- [WORK TASK]: Word for word, reproduce each line of the data below, omitting every image.

- [INPUT DATA]:

────────

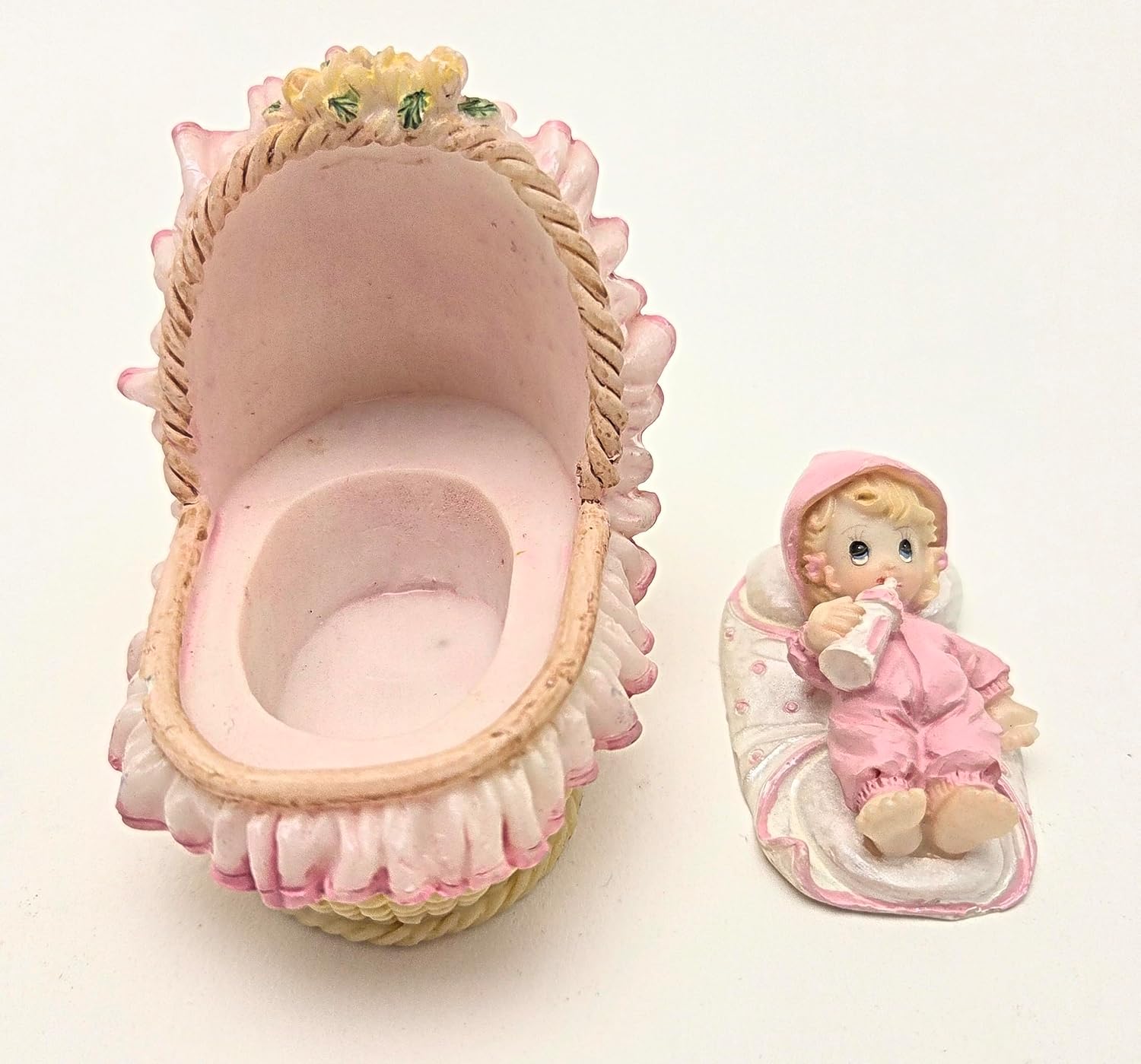 Party Favors Plus Pink White Polyresin Baby Bassinet Figurine 3.5 Inch Set of 2
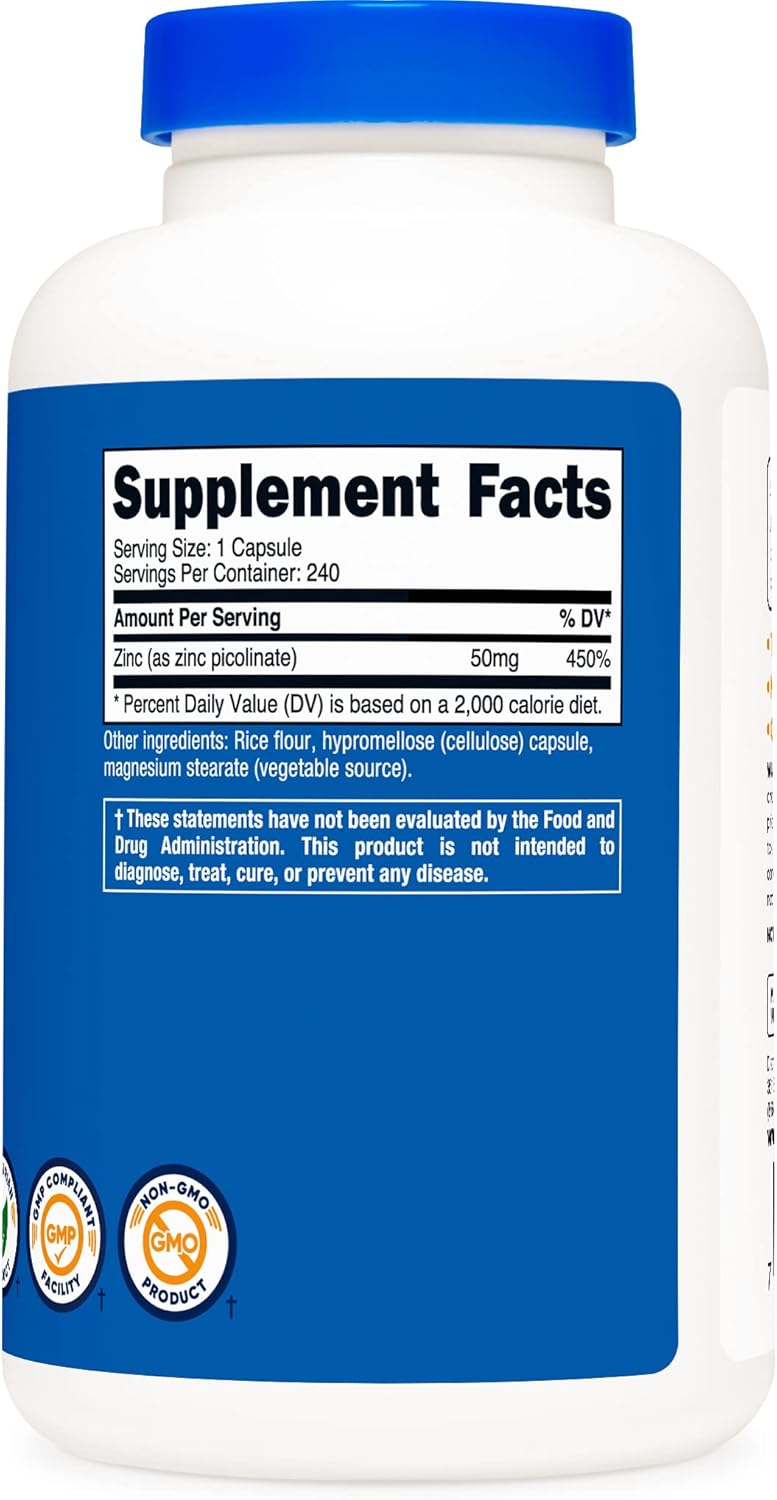 2 Bottles of Nutricost Zinc Picolinate 50mg - 240 Vegetarian Capsules, Gluten Free & Non-GMO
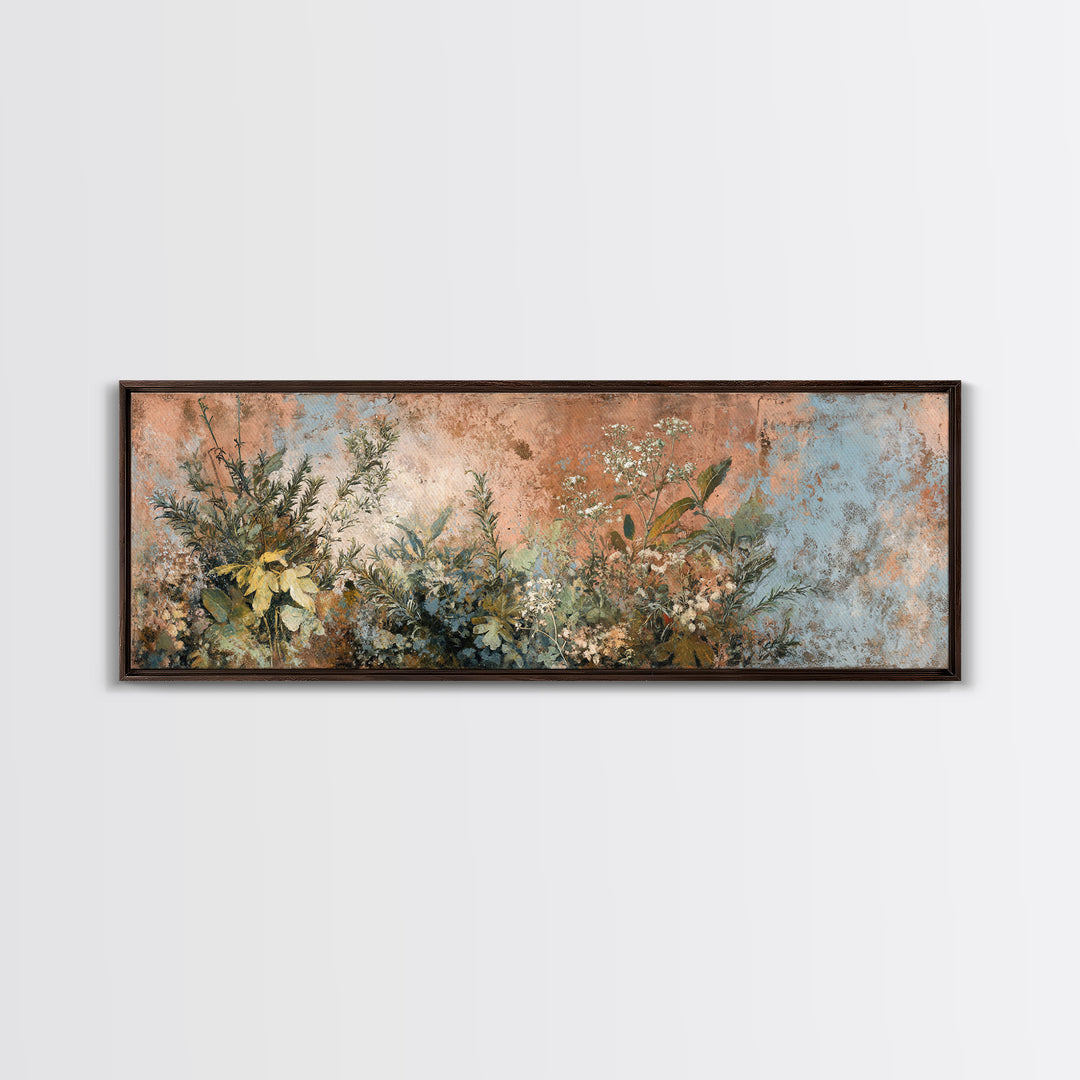 Wild Herbs Rosemary and Thyme Botanical Study Canvas Print, Mediterranean Art, Travel Poster, Living Room Decor, Oil Painting, MAR-3x1-40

────────

- [PROBLEM SOLUTION]:
 Party Favors Plus Pink White Polyresin Baby Bassinet Figurine 3.5 Inch Set of 2
 2 Bottles of Nutricost Zinc Picolinate 50mg - 240 Vegetarian Capsules, Gluten Free & Non-GMO
 Wild Herbs Rosemary and Thyme Botanical Study Canvas Print, Mediterranean Art, Travel Poster, Living Room Decor, Oil Painting, MAR-3x1-40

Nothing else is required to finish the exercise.